Trotzdem ist es ganz gut zu wissen, wie schädlich Neuroleptika sind. Einen Patienten mit Neuroleptika würde ich
erst entgiften und mich anderweitig um die Seele kümmern, denn eine dauerhafte Einnahme von Neuroleptika
führt zum Totalschaden im Hirn.

LG Dr. Watson
Antworten
#4
Woher ist denn dieses PDF Dokument?

Neugierige Grüße Gini
Keine Zeit gibt es nicht - nur andere Prioritäten  Wink 
(Zitat: Michael A. Denck)
Antworten
#5
(08.10.2018, 20:06)Gini schrieb: Woher ist denn dieses PDF Dokument?

Neugierige Grüße Gini

Der Inhalt ist derselbe wie das Worddokument, das ich zuvor eingestellt habe. Der besseren Lesbarkeit auf den Endgeräten wegen.
Das PDF Dokument ist eine Recherche von mir über Neuroleptika, zur Info, wie chemisch Gebildete darüber denken.
Antworten
#6
(08.10.2018, 19:49)Dr. Watson schrieb: [quote pid='326609' dateline='1538890161']
Ja, in der Prüfung nur das sagen, was die Prüfer hören wollen.
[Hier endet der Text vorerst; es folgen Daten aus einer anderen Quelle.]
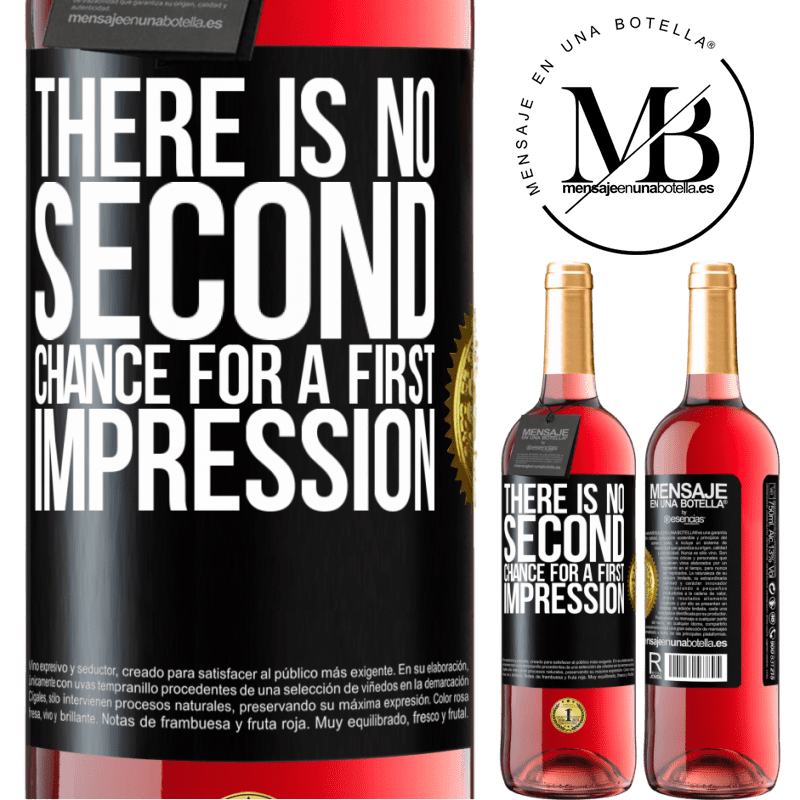 24,95 € Free Shipping | Rosé Wine ROSÉ Edition There is no second chance for a first impression Black Label. Customizable label Young wine Harvest 2021 Tempranillo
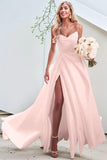 A-Line Court Train Satin Prom Dress CS0423 - COCOMELODY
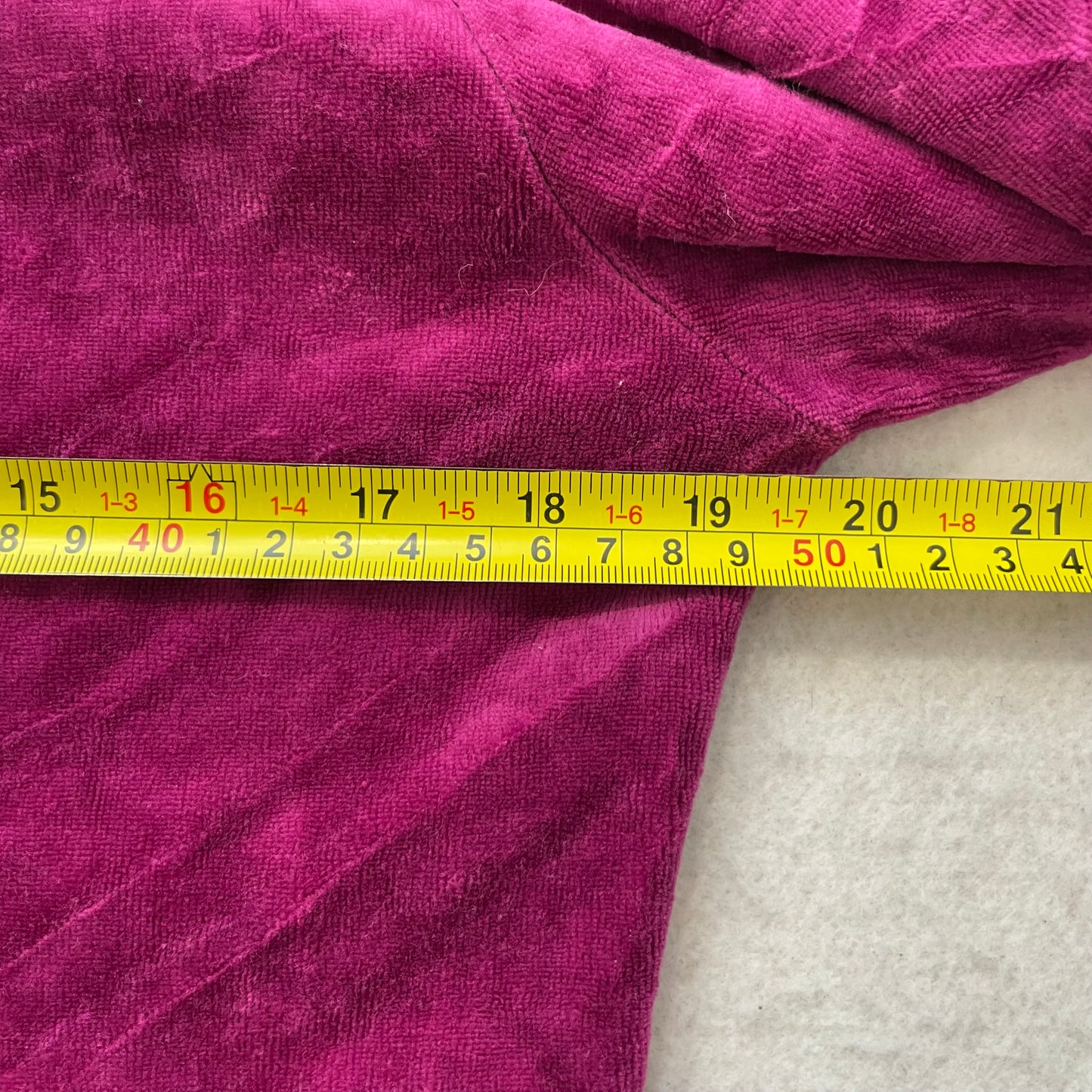 Vintage Juicy Couture Womens Vibrant Magenta Velour Zip-Up Hoodie Pockets Size S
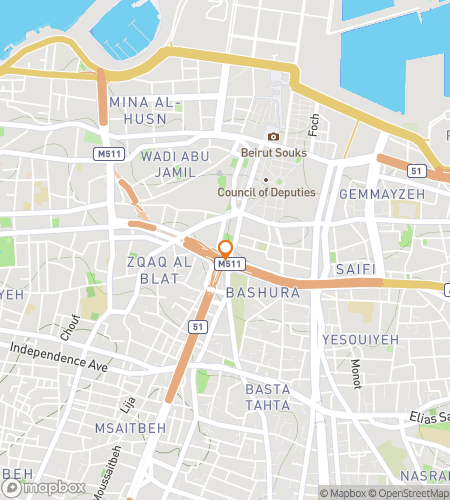 Map of scavenger hunt walking tour for Beirutiful Clues: The Ultimate City Hunt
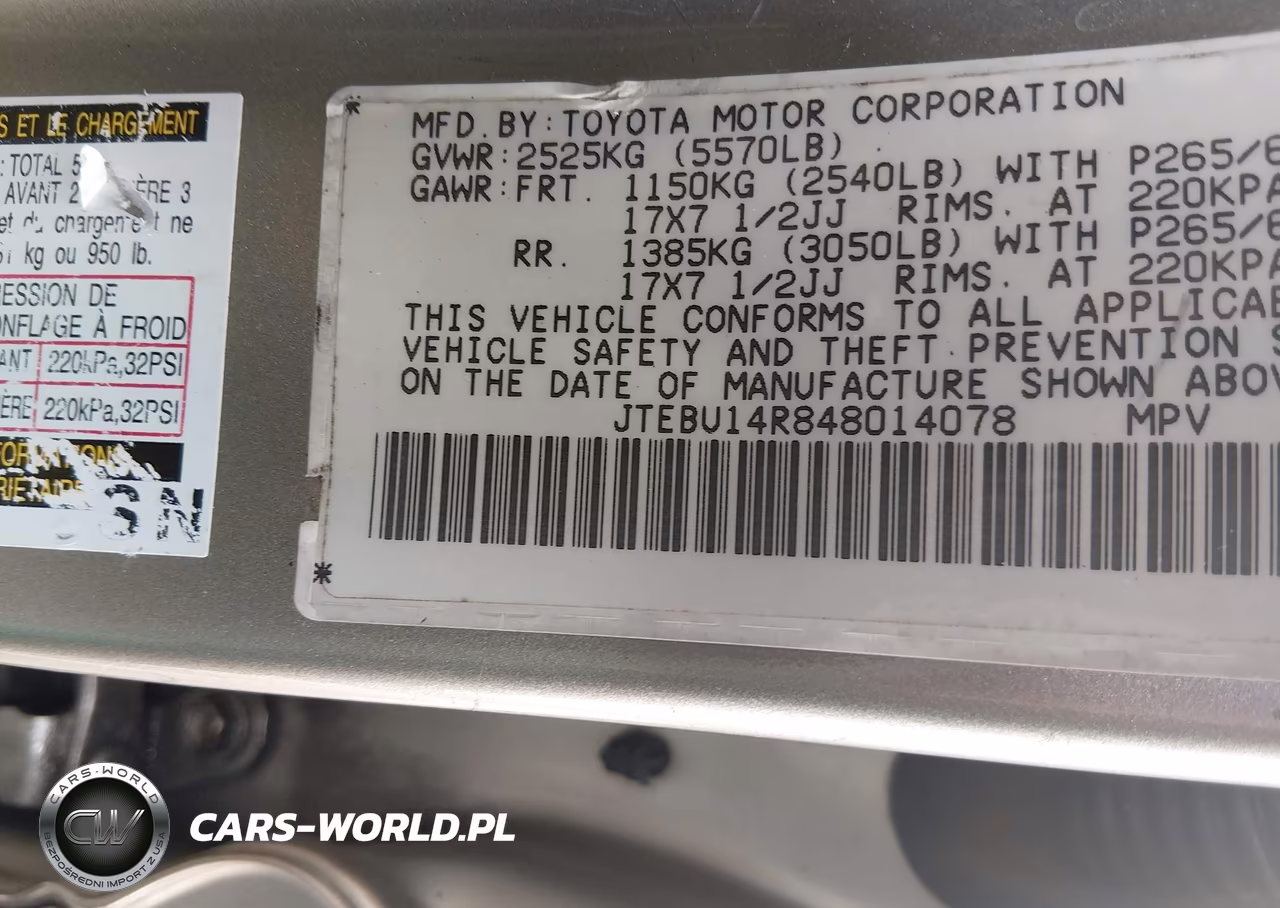 2004 Toyota 4Runner Sr5 V6 VIN:JTEBU14R848014078 - 9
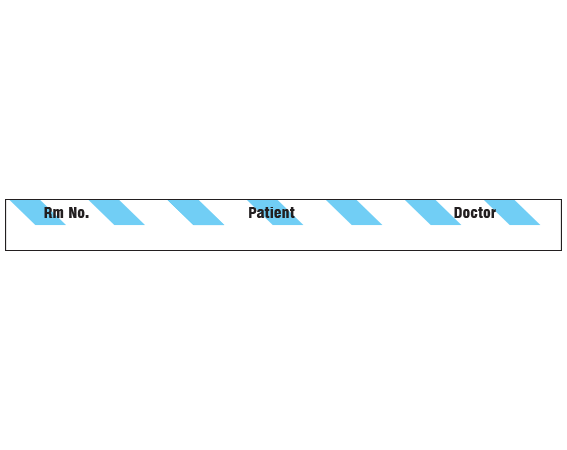 SNC-602-6 Color Coded Patient Chart Tapes - 1/2 Width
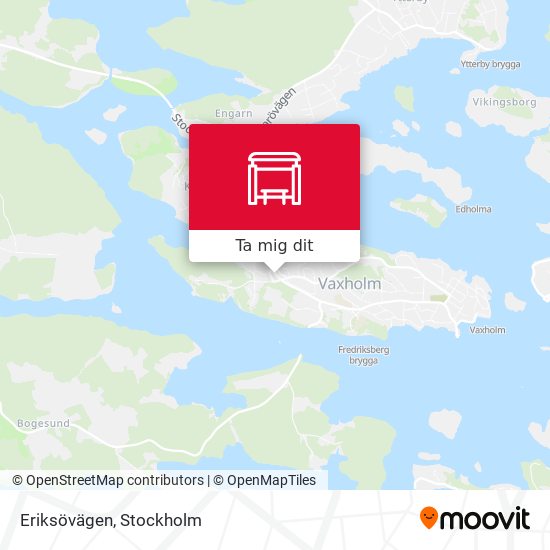 Eriksövägen karta
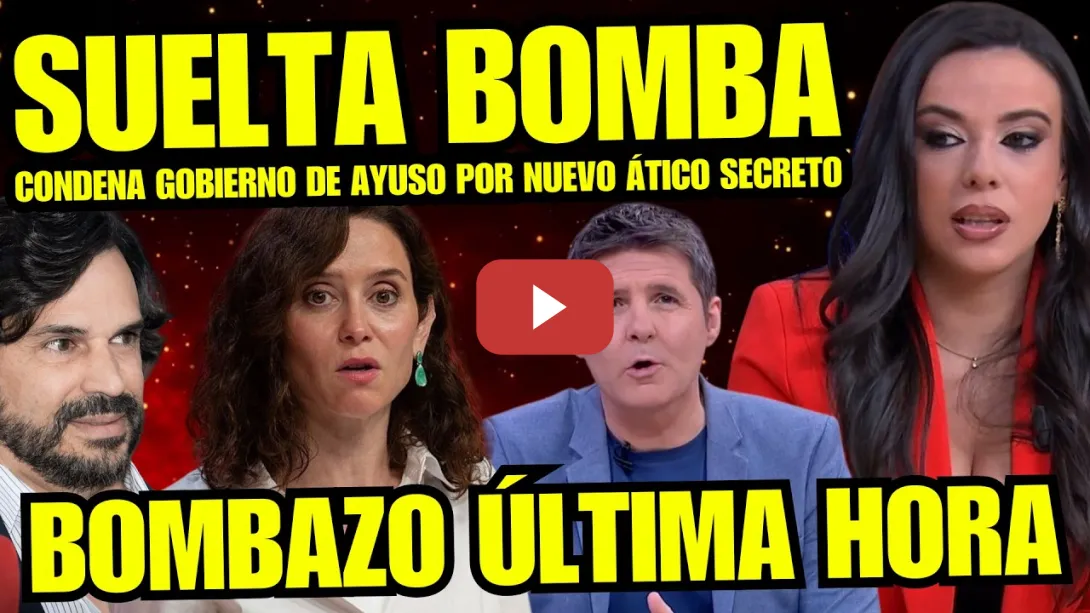 Embedded thumbnail for SARAH SANTAOLALLA SUELTA BOMBA DE AYUSO “NUEVO GASTO DE LA MARQUESA QUE LA EXPULSAN DEL PP”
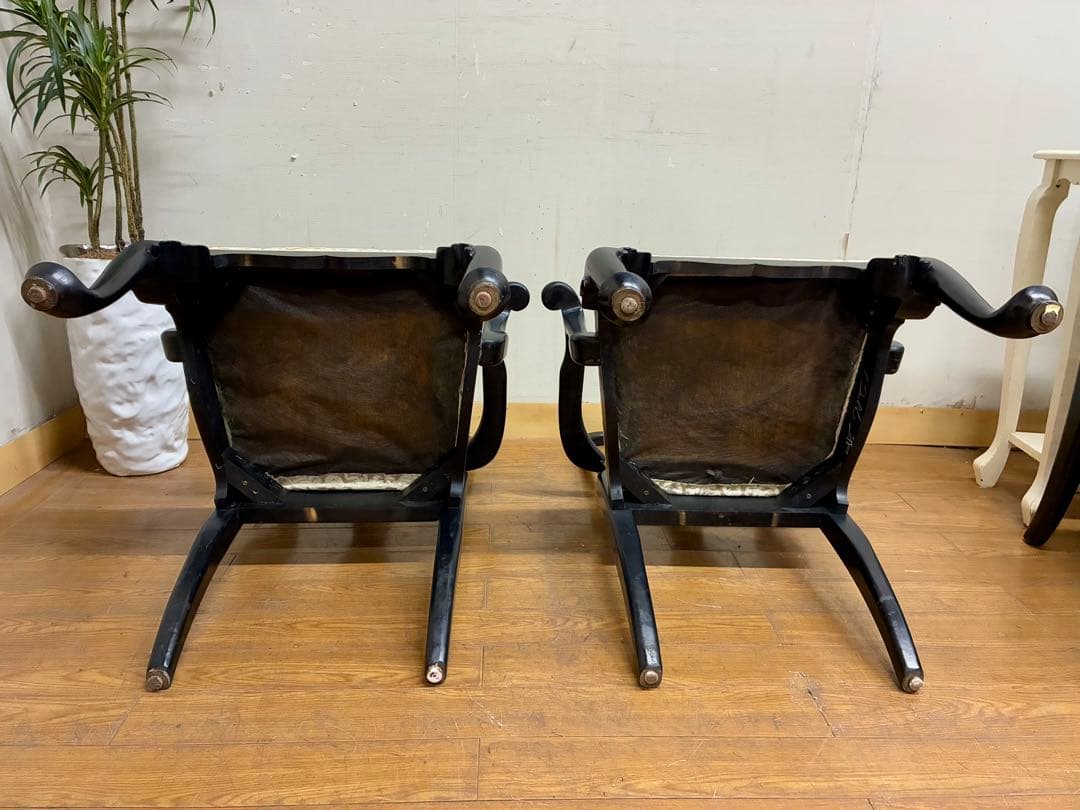 管407☆センチュリーファニチャー☆クイーンアン様式☆アームチェアー2脚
Psychopharmaka sind verschreibungspflichtig,
und deshalb für Heilpraktiker nicht zugänglich.

Trotzdem ist es ganz gut zu wissen, wie schädlich Neuroleptika sind. Einen Patienten mit Neuroleptika würde ich
erst entgiften und mich anderweitig um die Seele kümmern, denn eine dauerhafte Einnahme von Neuroleptika
führt zum Totalschaden im Hirn.

LG Dr. Watson

[/quote]


Guten Morgen
Ich kann sehr gut nachvollziehen, dass die unerwünschten Wirkungen von Neuroleptika diese starke Abneigung hervorrufen! Ich weiß, wie schlecht die Compliance bei Patienten selbst ist in Bezug auf dieses Thema und kann es voll verstehen.

Dem Wort "heilen" in Bezug auf Neuroleptika und psychische Störung möchte ich an dieser Stelle einfach das Wort "behandeln" entgegensetzen. Unter Heilung verstehe ich persönlich auch etwas anderes, aber es ist halt die gängige Behandlung zur Zeit.

"Entgiften" und dann anders weiter?- behandeln ist uns Heilpraktikern dennoch nicht so einfach gestattet, wir dürfen uns in die Medikation eines Arztes bei solch schwerwiegender Erkrankung nicht einmischen. Deshalb wäre ich mit solchen Aussagen - insbesondere in der Prüfung - tatsächlich sehr vorsichtig.